God (green) - Ask the organist to strike the first chord of the Halleluia Chorus, and have the choir sing the first, "Halleluia!." If this is too complicated, ask the choir or a group of the congregation to sing the first three words of "Holy, Holy, Holy!" Be sure to clue in the choir in advance.
Jonah (blue) - The people in this group raise their hands each time the word "Jonah" is read, as if volunteering for a task.
Nineveh (orange) - The people say, "Beep! Beep!" like taxis in a big city.
Ship (yellow) - The people rock back and forth as on a ship in a storm and sing the words, "Sailing, sailing!"
Now read the story and have fun!
One day long ago, God spoke to Jonah, "Up on your feet and on your way, Jonah!," God said. "I need you to go to the big city of Nineveh! Preach to the people there. They're in a bad way and I can't ignore it any longer. Something needs to change."
But Jonah was afraid to go to Nineveh. Jonah got up and decided to go in the opposite direction from Nineveh, to the town of Tarshish. He was running away from God.
Jonah went to the port and found a ship scheduled to sail to Tarshish. He paid the fare and boarded the ship, joining the others also going to Tarshish--as far away from God as Jonah could get.
But God sent a huge storm at sea. The waves towered over the ship. The ship was about to break into pieces! The sailors were terrified. They called out in desperation. They threw everything overboard that wasn't nailed down to lighten the ship. Still, the storm raged and the ship was tossed on the high seas.
Meanwhile, Jonah was down below in the hold of the ship, taking a nap. He was sleeping through the whole thing! The captain of the ship found Jonah and woke him up. "Pray to your god," the captain said. "Maybe your god will see that we're in trouble and rescue us.
Then the sailors said to each other, "Let's get to the bottom of this and find out who on the ship is responsible for this disaster."
Well, eventually Jonah 'fessed up that he was the problem. He had chosen to run away from God instead of going to Nineveh. The sailors said to Jonah, "What are we going to do with you--to get rid of this storm?" Jonah told them to throw him off the ship, into the sea. The sailors didn't want to do it, but it seemed tossing Jonah overboard was the only choice they had. They said a prayer to God, and tossed Jonah off the ship. Immediately, the sea was quiet.
The sailors were impressed. They were no longer terrified by the sea, but were in awe of God. They worshipped God on the spot.
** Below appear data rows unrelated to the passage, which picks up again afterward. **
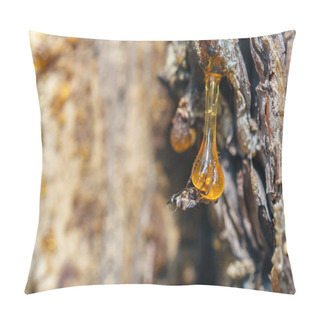 Personality  Solid Amber Resin Drops On A Tree Trunk. Pillow Covers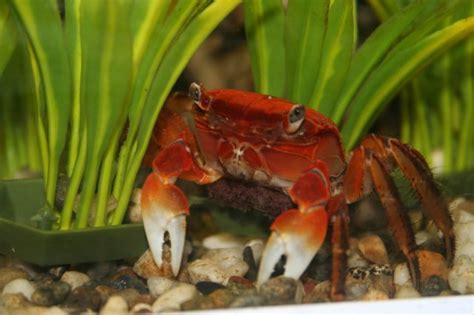 Red Claw Crab Facts, Habitat, Diet, Life Cycle, Baby, Pictures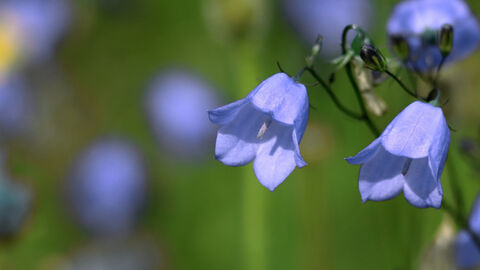 Close up of bluebells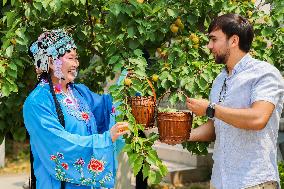 Foreign Students Participated in The Apricot Cultural Exchange Activity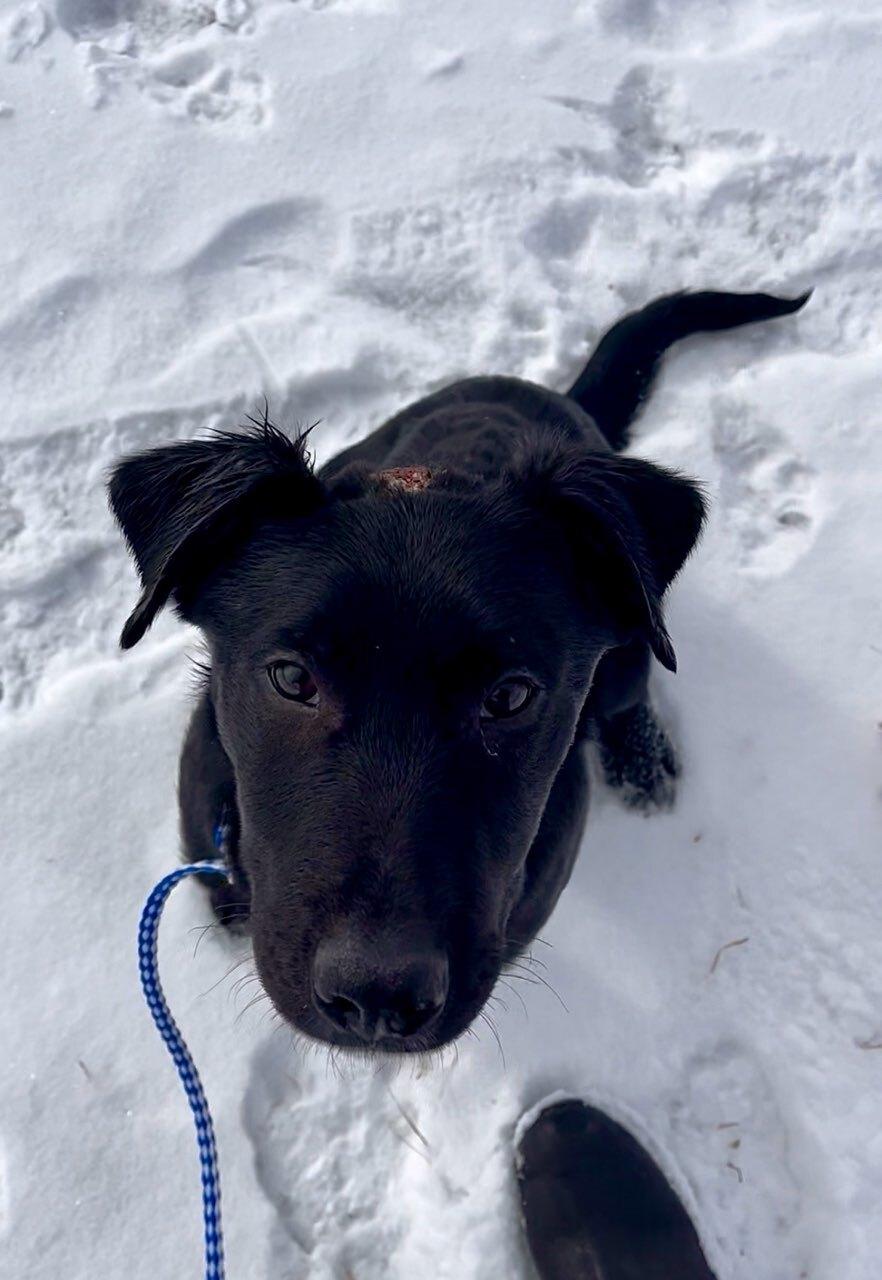 Brodie, a ADOPTABLE mixed breed in wetaskiwin, AB image 2/3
But God wasn't finished convincing Jonah that he needed to go to Nineveh. God sent a huge fish to swallow Jonah. The fish gulped up Jonah whole! He lived in the belly of the fish for three days and three nights. Finally, Jonah had had enough. He turned to God in prayer. From the belly of the fish, Jonah prayed to God. He prayed a long prayer, thanking the Lord for God's goodness and constant care. Then, at the end of the long prayer, Jonah said,
"I'll do what I promised I'd do! I'll preach to the people of Nineveh."
Then the fish coughed up Jonah on the seashore.
Next, God spoke to Jonah again. "Up on your feet and on your way to the big city of Nineveh! Preach to them. Tell them to make good choices and change their behavior! They are in a bad way and I can't ignore it any longer."
This time, Jonah made a good choice himself! He went straight to Nineveh, this time obeying God's instructions.
When Jonah arrived at Nineveh, he preached God's message. The people listened, and made the good coice to follow God always. The End.
Let's Pray: All Loving Creator, help us to make the good choice to be your faithful people. Amen.
The telling of this story is adapted from Eugene H. Peterson's Bible translation, The Message.